桑渡低應了一聲。
仿佛有什麼在她心口處炸了開來,岑山月的話,並沒有讓桑渡感到驚訝。
桑鏡明當年,翩翩少女,第一劍修,名聲在外。
岑山月會認得她,也不是什麼值得人詫異的事情。只是,桑渡同樣不覺得那個有法子救下這些傷者的人是桑鏡明這件事,有什麼令人驚訝的,從離魂時見到桑鏡明的身影時,桑渡便不自覺地去猜,這天外洞與桑鏡明之間的關係。

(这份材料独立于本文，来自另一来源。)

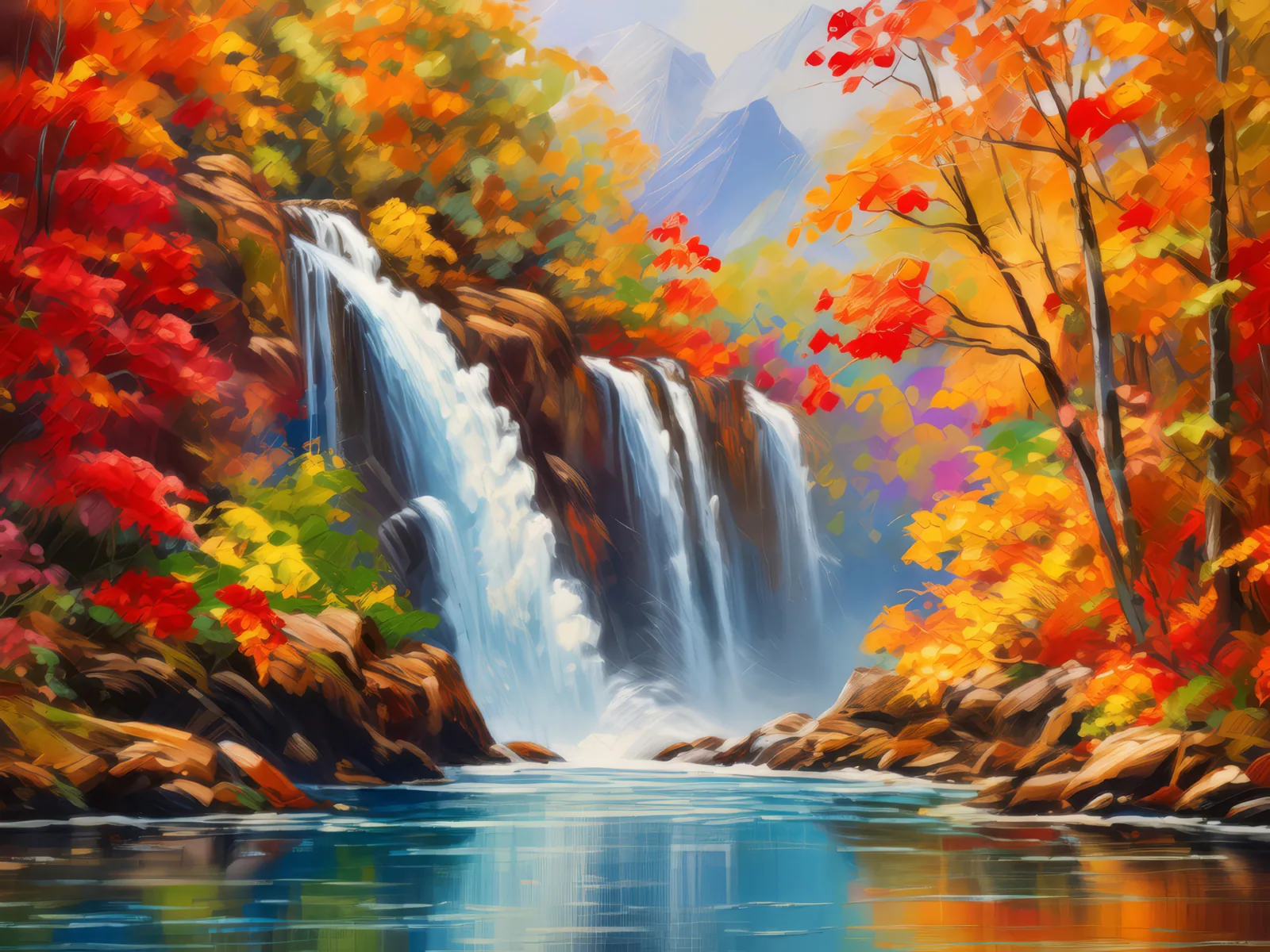 Autumn Waterfall Panorama, a palette-knife oil landscape by Emma Mickelberg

現在,她雖還沒有搞清楚桑鏡明與這天外洞之間的聯繫,卻也是從岑山月的話中篤定了桑鏡明同這天外洞,一定是有關係的。
見桑渡不答,岑
山月並沒有繼續催促什麼,她只是安靜地站在桑渡身前,那雙眼睛乾淨透亮得有幾分突兀。
過了好一會兒,桑渡才長長吐出一口氣,「需要我怎麼做?」
「那藥里最關鍵的,是心尖血。」岑山月看向桑渡,「你的心尖血。」
那一刻,岑山月的聲音和沈元白的聲音似乎重合在了一處,嗡嗡得,吵得桑渡有些聽不清楚。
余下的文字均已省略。